Data for processing:
▽

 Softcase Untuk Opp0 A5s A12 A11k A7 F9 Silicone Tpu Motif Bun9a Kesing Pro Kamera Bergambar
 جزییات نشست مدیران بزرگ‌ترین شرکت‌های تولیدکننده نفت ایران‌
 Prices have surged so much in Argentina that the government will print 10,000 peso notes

△
▽

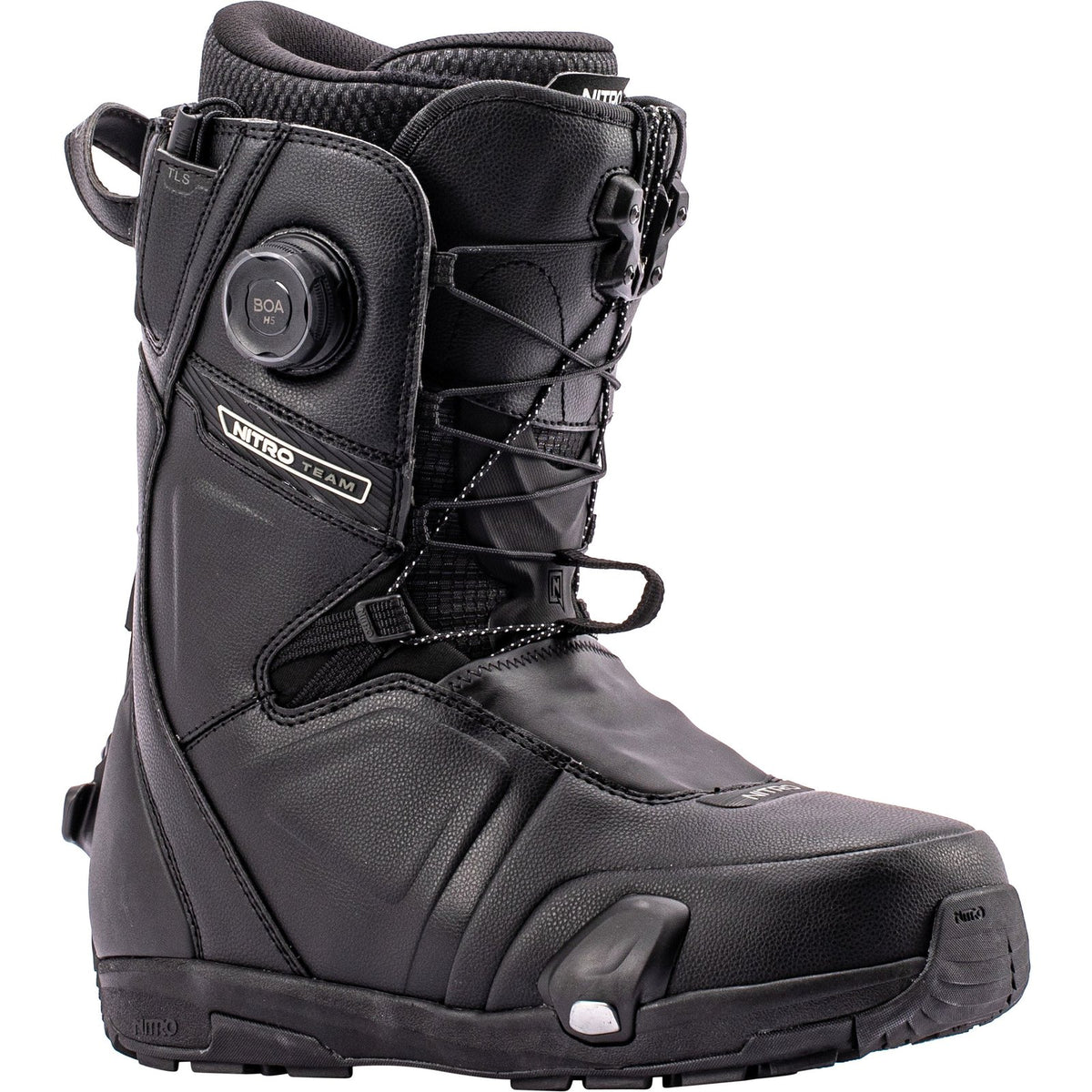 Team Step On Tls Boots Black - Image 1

△

Task to carry out: Scan the entries above for the line containing "Softcase Untuk Opp0", and copy it and all lines after it exactly, down to and including the line containing "Prices have surged".

Answer to this exercise:
 Softcase Untuk Opp0 A5s A12 A11k A7 F9 Silicone Tpu Motif Bun9a Kesing Pro Kamera Bergambar
 جزییات نشست مدیران بزرگ‌ترین شرکت‌های تولیدکننده نفت ایران‌
 Prices have surged so much in Argentina that the government will print 10,000 peso notes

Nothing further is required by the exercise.